The network has also been instrumental in ensuring our leaders understand and respond to climate change as a security issue, and the need for our governments and the United Nations to bring about a gender inclusive shift from reaction to prevention when meeting this challenge.
Fiji’s recent statement at the recent UN Security Council Open Debate on Women, Peace and Security (WPS) highlighted the region’s recognition of climate change as the single greatest threat faced by our people and countries. Loss of land, even whole islands, increased hunger, more frequent droughts and persistent damage to infrastructure have an intense potential to fuel instability and conflict. The WPS framework will, increasingly need to be a climate crisis-informed one.
But while we welcome the recognition of the climate change crisis within recent UN security council and Pacific Forum meetings, we must ensure that this is about enhancing and ensuring the security of our most affected communities. It requires alignment of the Pacific Resilience Framework and the 2018 Boe
Declaration to enhancing the peace, development, humanitarian and human security nexus from an inclusive conflict-prevention approach that considers the root causes of violence and conflict.
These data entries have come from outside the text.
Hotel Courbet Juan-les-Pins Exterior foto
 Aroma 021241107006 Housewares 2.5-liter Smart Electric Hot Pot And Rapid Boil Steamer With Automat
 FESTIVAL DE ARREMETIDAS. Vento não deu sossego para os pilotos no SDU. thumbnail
It requires a new multi-actor consultative framework for regional peace and security that supports community representatives who can localise and operationalise women, youth and civil society peacebuilding, prevention and participation frameworks. We do not just need be consulted, but supported to enhance our infrastructures for peace and security at local and national level.
The UN Secretary General’s 2019 report on Women, Peace and Security is a clear reminder that since the adoption of the Beijing Platform for Action (BPfA) in 1995 and the adoption of 10 security council resolutions dedicated to the women, peace and security agenda, there are record levels of political violence targeting women were demonstrated in new data published in May 2019.
Over 50 parties to conflict are credibly suspected of having committed or instigated patterns of rape and other forms of sexual violence in situations on the agenda of the Security Council and at least 1 in 5 refugee or displaced women experience sexual violence and 9 out of the 10 countries with the highest rates of child marriage are in fragile contexts. In 2019 alone, nearly 132 million people need humanitarian aid and protection, including an estimated 35 million women, young women and girls who require lifesaving sexual and reproductive health services, and interventions to prevent gender-based violence and respond to the needs of survivors. Findings by the Special Rapporteur on the situation of human rights defenders show that the rise of misogynistic, sexist and homophobic speech by political leaders in recent years has contributed to increased violence against women, against lesbian, gay, bisexual, transgender, queer and intersex individuals, and against women human rights defenders. The Pacific is not immune to these issues.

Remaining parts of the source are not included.